---------- Given material ----------

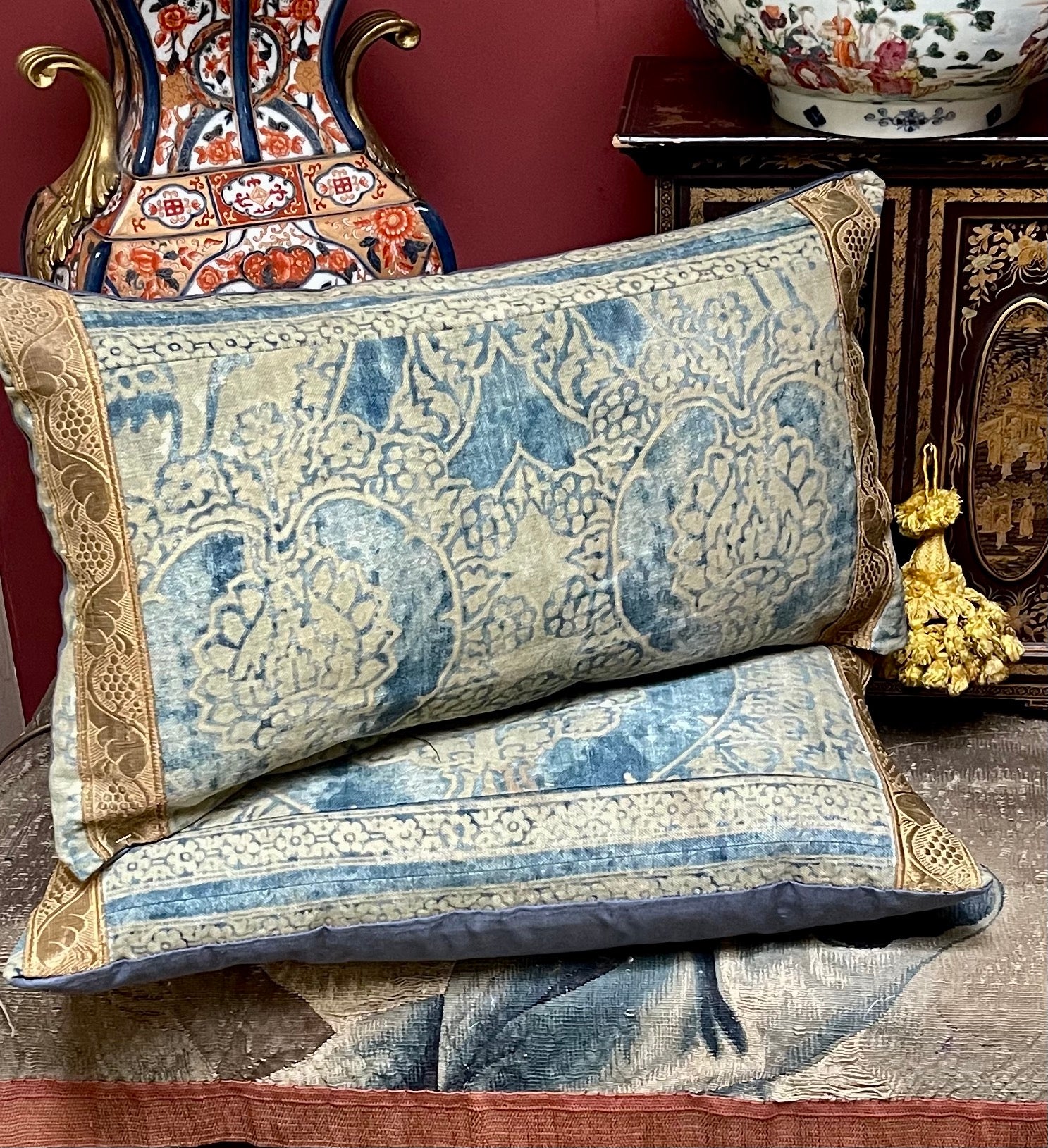 Antique Fortuny Pillows  Nicolo Design  PAIR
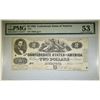 Image 1 : 1862 $2 CONFEDERATE NOTE PMG 53 T-42
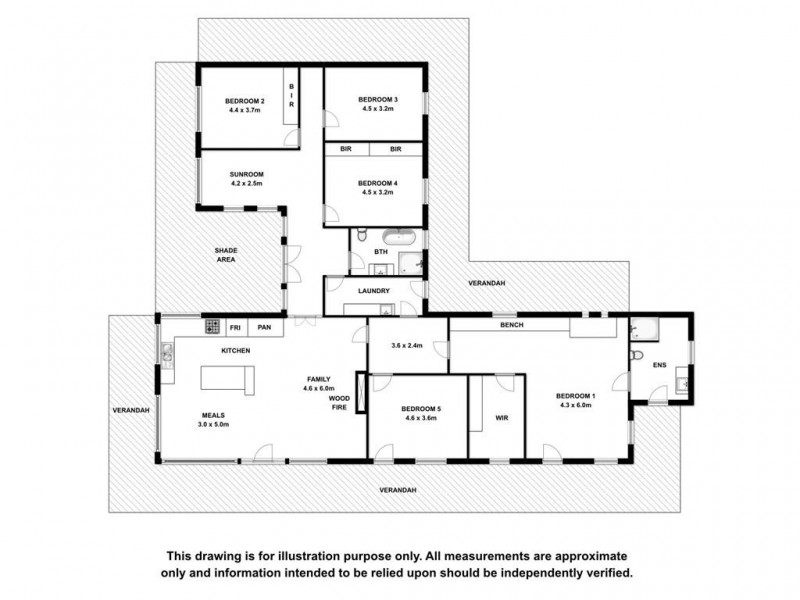 14103 Riddoch Highway, Naracoorte SA 5271 Floorplan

----------

# Description of the task
For this exercise, transcribe the data exactly but without its pictures.

# Exercise output
 Antique Fortuny Pillows  Nicolo Design  PAIR
 Image 1 : 1862 $2 CONFEDERATE NOTE PMG 53 T-42
 14103 Riddoch Highway, Naracoorte SA 5271 Floorplan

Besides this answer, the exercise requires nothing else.